• WORK TASK: Retype every line from the top of the entries down to the one with "Нурлатское подворье на", both included, and skip the pictures.
————————
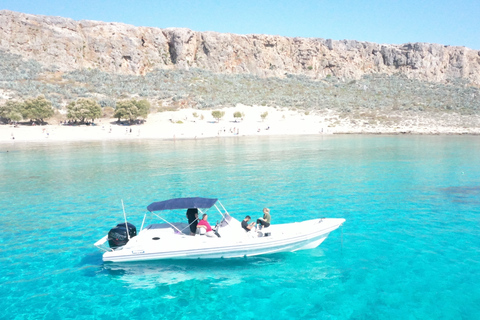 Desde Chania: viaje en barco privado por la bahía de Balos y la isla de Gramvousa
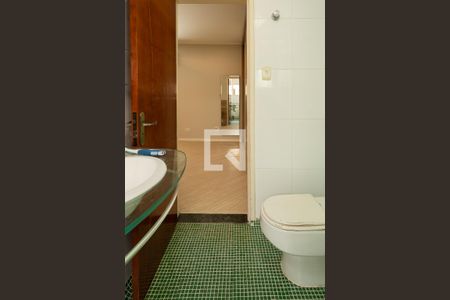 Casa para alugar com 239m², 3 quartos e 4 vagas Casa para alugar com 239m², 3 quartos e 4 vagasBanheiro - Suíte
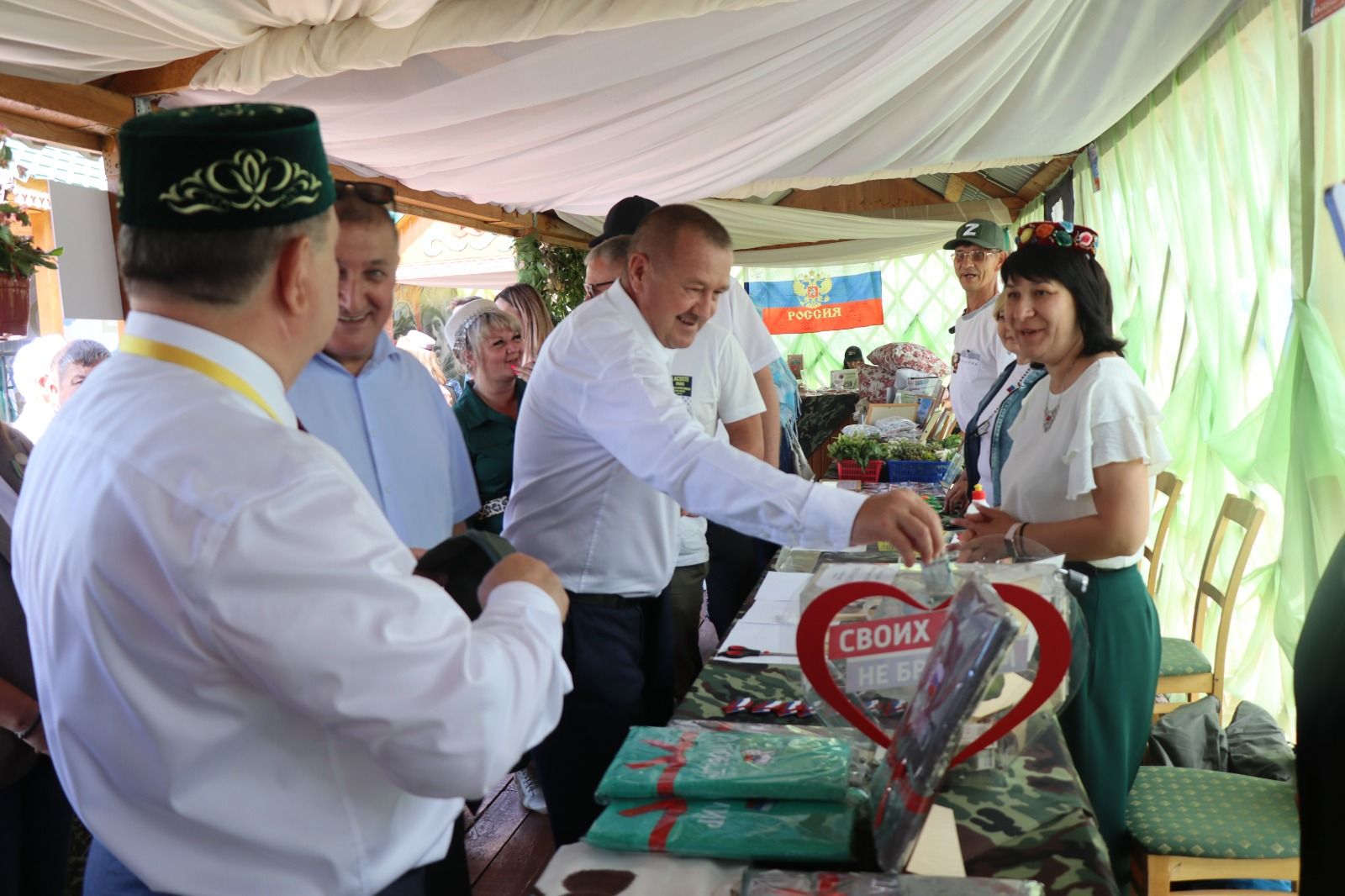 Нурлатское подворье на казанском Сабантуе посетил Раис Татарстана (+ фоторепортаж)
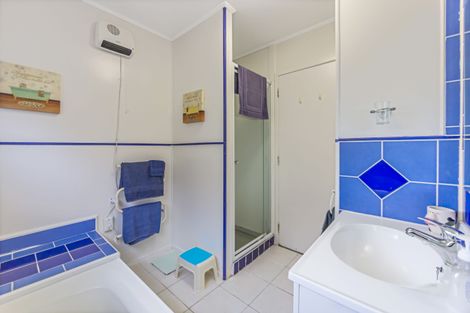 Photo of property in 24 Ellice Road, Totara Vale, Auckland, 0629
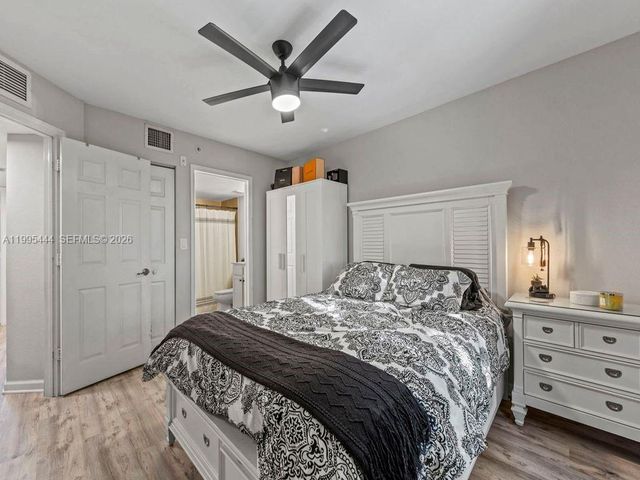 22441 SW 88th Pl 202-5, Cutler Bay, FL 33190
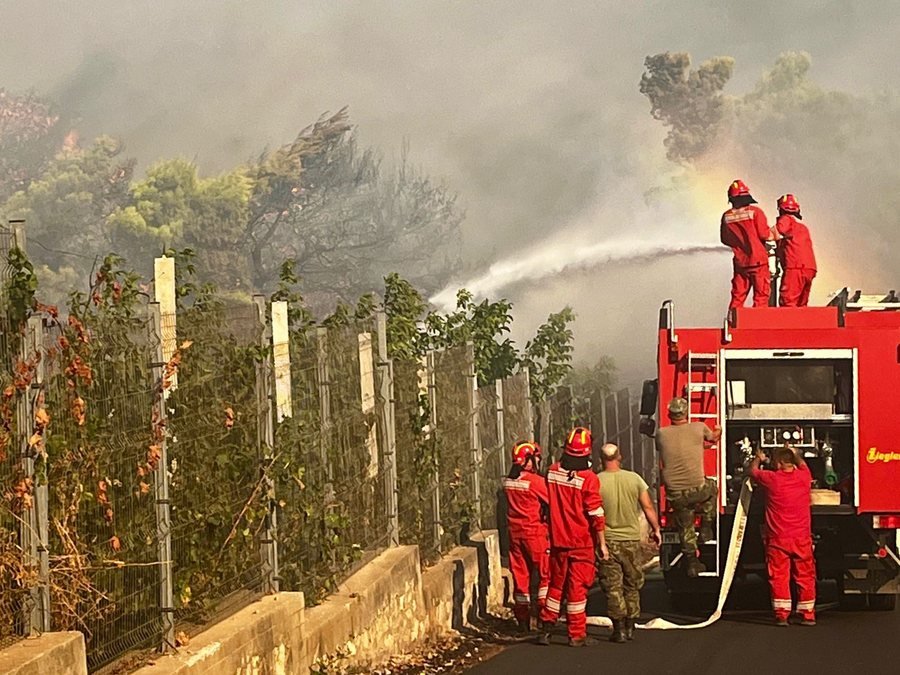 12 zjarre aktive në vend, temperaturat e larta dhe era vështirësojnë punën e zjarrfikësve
————————
• OUTPUT OF THE TASK:
 Desde Chania: viaje en barco privado por la bahía de Balos y la isla de Gramvousa
 Casa para alugar com 239m², 3 quartos e 4 vagas Casa para alugar com 239m², 3 quartos e 4 vagasBanheiro - Suíte
 Нурлатское подворье на казанском Сабантуе посетил Раис Татарстана (+ фоторепортаж)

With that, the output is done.